Court reporting firms wishing to provide this special service to their clients should employ a technologically advanced team of specialists skilled in trial presentation techniques. These professionals must be well versed in interactive media technology for both pretrial preparation and in-court presentation. This versatility is crucial, because trial preparation requires an entirely new level of practical flexibility.
Trial presentation technicians stay with an attorney all the way through the trial process. This means they provide technical support from pretrial preparation through courtroom delivery. Before and during a trial, they provide a variety of services, including meeting with attorneys and expert witnesses, annotating exhibits in conjunction with content, producing daily multimedia presentations as a case evolves, and providing immediate access to information in the courtroom.
With the counsel lectern acting as a command center, an attorney has instant access to interactive techniques that capture a jury's attention, thereby emphasizing selected information with quick sound bites, video, graphics, and scanned documents.
There are many reasons for choosing trial presentation as a method of delivery:
The trial presentation specialist codes all documents with basic information, such as date, author, subject, and key words, which gives lawyers instant access to all exhibits.
This method allows an attorney to plan the strategy for a case and elements into one place.
This interactive process uses all aspects of communication to capture and involve a jury.
With trial presentation technology, all information related to a case is available quickly and easily via computer. Thus, lawyers can mix and match a variety of elements, including video, audio, animation, graphics, tables, charts and graphs, scanned documents, and exhibits. Splitscreen synchronized video can incorporate highlighted lines on a transcript so the jurors can focus on the moving text as they listen to the witness speak. Chronologies combine graphics, video clips, and dates to capture a jury's attention. Instant access and highlighting of a specific line of text or document signature are indispensable in pinpointing inconsistencies in testimony.
Courtroom presentation is a complex art; it requires an attorney to be a storyteller, skillfully weaving all the small details of a case into a tapestry that demonstrates "the big picture." Although establishing the pattern of a trial depends on style and rhetoric, winning an argument requires timing and quick access to pertinent information. In an arena in which both the content and the context of a case are critical, pretrial strategy is also vital.
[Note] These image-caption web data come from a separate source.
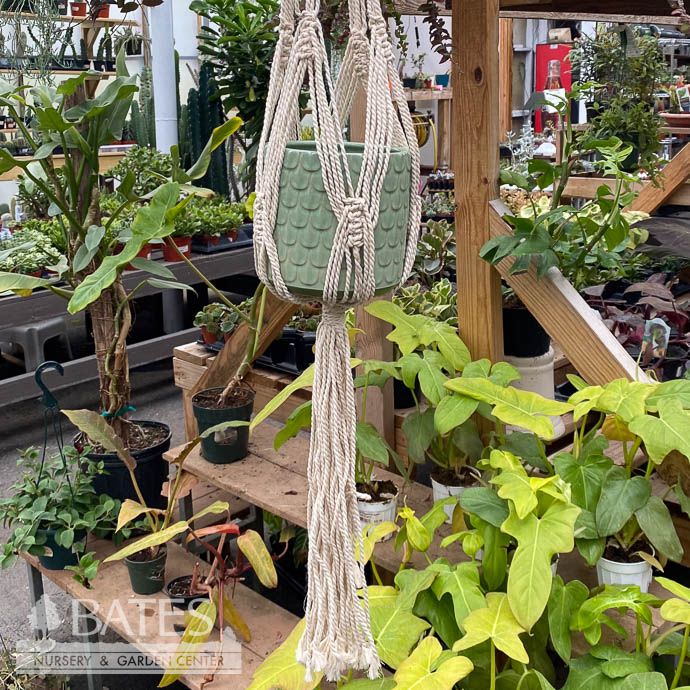 Macrame Hanger 47&quot; Simple Natural Cotton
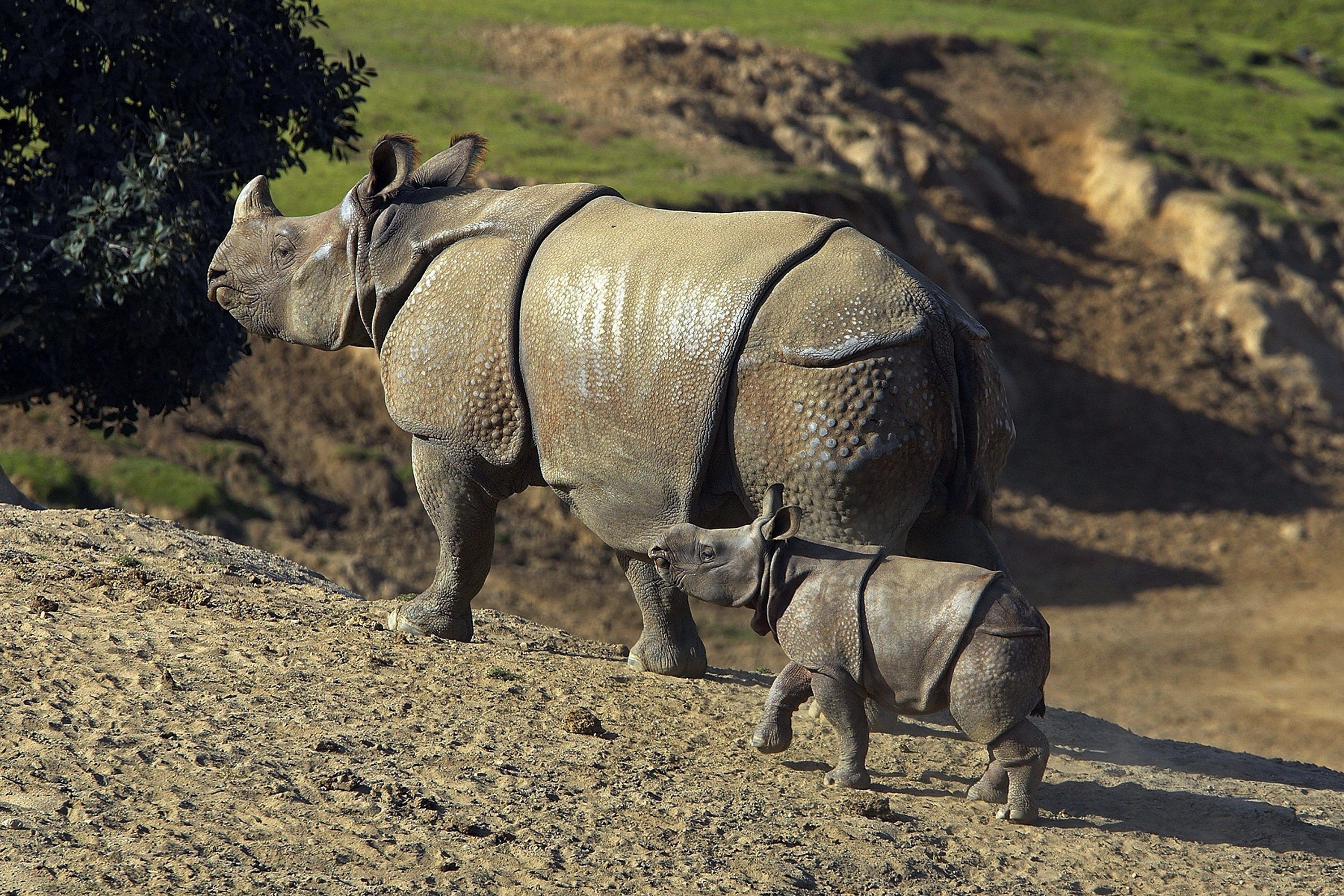 General 3000x2000 animals Indian Rhinoceros mammals baby animals nature rhino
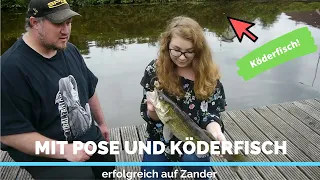 Mit Pose und Köderfisch auf Zander | So einfach fängt man vom Ufer REUPLOAD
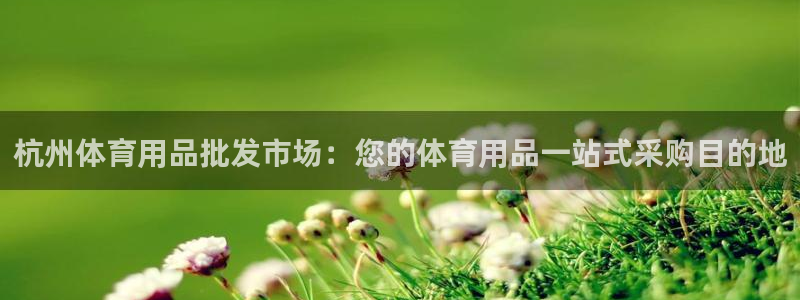 欧陆娱乐安全?：杭州体育用品批发市场：您的体育用品一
Pretrial strategy is nothing new, but the knowledge of when, where, and how to use this type of technology effectively is. With the aid of a skilled trial presentation technician, an attorney can evaluate the most productive uses of the available computer-generated enhancement techniques and can apply them before the trial. Using this increased flexibility, a lawyer can construct an effective balance between media choice and personal style. Because all case-related documents and information are immediately available for review, an attorney can plan a case using the combination of media elements best suited to emphasize crucial contentions. This approach can be invaluable to a legal professional in establishing and emphasizing a client's position before a jury.
Presentation is the direct result of preparation. Here the speed and flexibility of trial presentation technology can be invaluable. In the courtroom, the best-laid legal strategy, to paraphrase Robert Burns, often goes astray. Presentation is all in the timing, and lawyers are geared to expect the unexpected. When the opposition presents information in an unanticipated manner, an attorney must be able to recover and react quickly, retrieving information and incorporating it for rebuttal. Although there are numerous applications for trial presentation technology, one very effective use is in cases of perjury. The ability to access, highlight, and project previous inconsistent testimony can have a dramatic effect on a jury.
In the courtroom, the most powerful resource a lawyer employs is time; time to plan strategy and to access information. Time lost searching for supporting evidence can have serious consequences for the outcome of a case. The assistance provided by a skilled trial presentation technician — from deposition to courtroom presentation — eliminates this problem by implementing instant access to all depositions, documents, and related exhibits. The issue is no longer where to locate information, but how to use that information most effectively.